In Bhalli v. The King, 2025 TCC 117, the appellant unsuccessfully requested the rebate relating to his and his wife’s purchase of a property on Hardcastle Drive, Cambridge.
On appeal against the CRA’s denial, the issue was whether the appellant intended to occupy the Cambridge property as his family’s primary residence when he agreed to purchase it, as required under s. 254(2)(b) of the Excise Tax Act, 1985.
The appellant testified that he agreed to buy the Cambridge unit in March 2019 during its building phase, closed the transaction in June 2020, and decided to sell the property for $725,000 in April 2021.
The appellant added that he and his family resided in an apartment on Wellesley Street, Toronto, but had no place to live except the Cambridge property from June 2020 to June 2021.
During cross-examination, the appellant alleged that he:
- paid around $1080 in monthly rent for the Toronto apartment throughout the relevant period
- received annual income in the $30,000 range
- began working as a truck driver in 2017, through a trucking corporation he owned that earned gross sales of nearly $70,000
- furnished services for Advanced Trucking Solutions out of Mississauga
The appellant also said his daughter attended Toronto schools throughout the relevant period.
As the respondent, the Crown cited s. 254(2)(g) of the Excise Tax Act, which required the rebate claimant to be the first to actually occupy the unit as the place of residence after its substantial completion.
Rebate denied
The Tax Court of Canada found that the appeal failed.
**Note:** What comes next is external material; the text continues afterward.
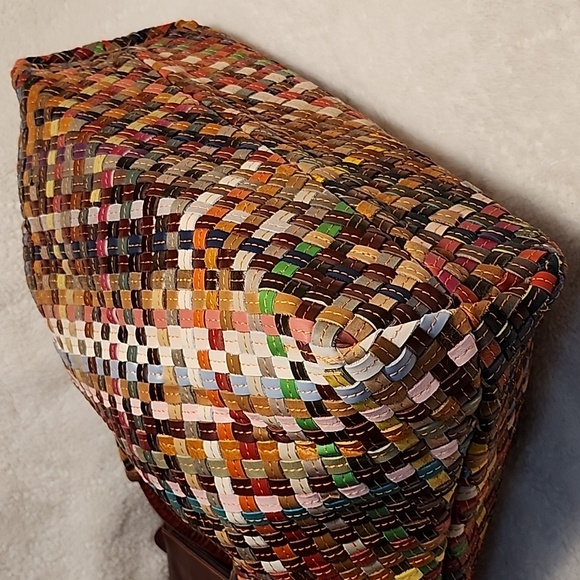 Amerileather Linwood Leather Tote Bag - Picture 12 of 16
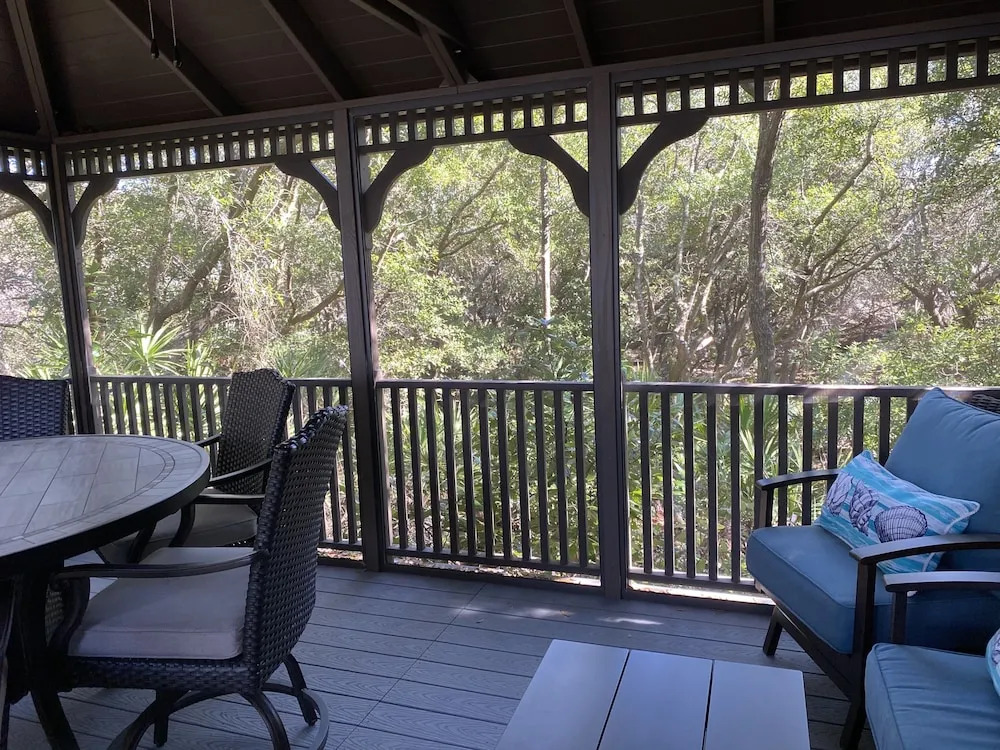 BRINEY BREEZE OCEAN OAKS home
The court ruled that the appellant and his family did not live in the Cambridge property as their primary place of residence and never intended to do so.
The court characterized this case as a contest between the appellant’s lack of credibility and the Crown’s indifference to presenting a proper case.
The court acknowledged inadequacies in the Crown’s case. However, the court took issue with the appellant’s unsupported and unbelievable evidence and endless clarifications to his testimony.
The court disbelieved the appellant’s allegations that his family gave up the Toronto apartment to move to Cambridge in 2020 and then got the apartment back at the same low rent a year later.
Instead, the court determined that the appellant and his family kept living in the Toronto apartment from June 2020 to June 2021 rather than abandoning it. The court said the appellant intended his temporary occupancy of the Cambridge unit to give off an impression of residency.
In concluding that the appellant did not intend to reside in the Cambridge property as a primary residence, the court noted the following.
First, the court pointed out that the appellant failed to provide utility bills or other supporting evidence.
Second, the court held that the appellant lacked the financial resources or means to live in the Cambridge unit as a primary residence. The court said the appellant appeared to have insufficient funds to pay property taxes and utilities after mortgage payments.
The court rejected the appellant’s evidence about additional income from his trucking company. The court noted that the appellant gave contrived testimony and offered no supporting documents regarding this issue.
Third, the court did not believe the appellant’s claims that he would have moved to Cambridge without formally transferring his daughter from the Toronto school system to the Cambridge school system.
Lastly, the court disbelieved the appellant’s explanation that he listed the Cambridge property for sale only months after moving in because his family was depressed. The court noted that neither the appellant’s wife nor daughter testified.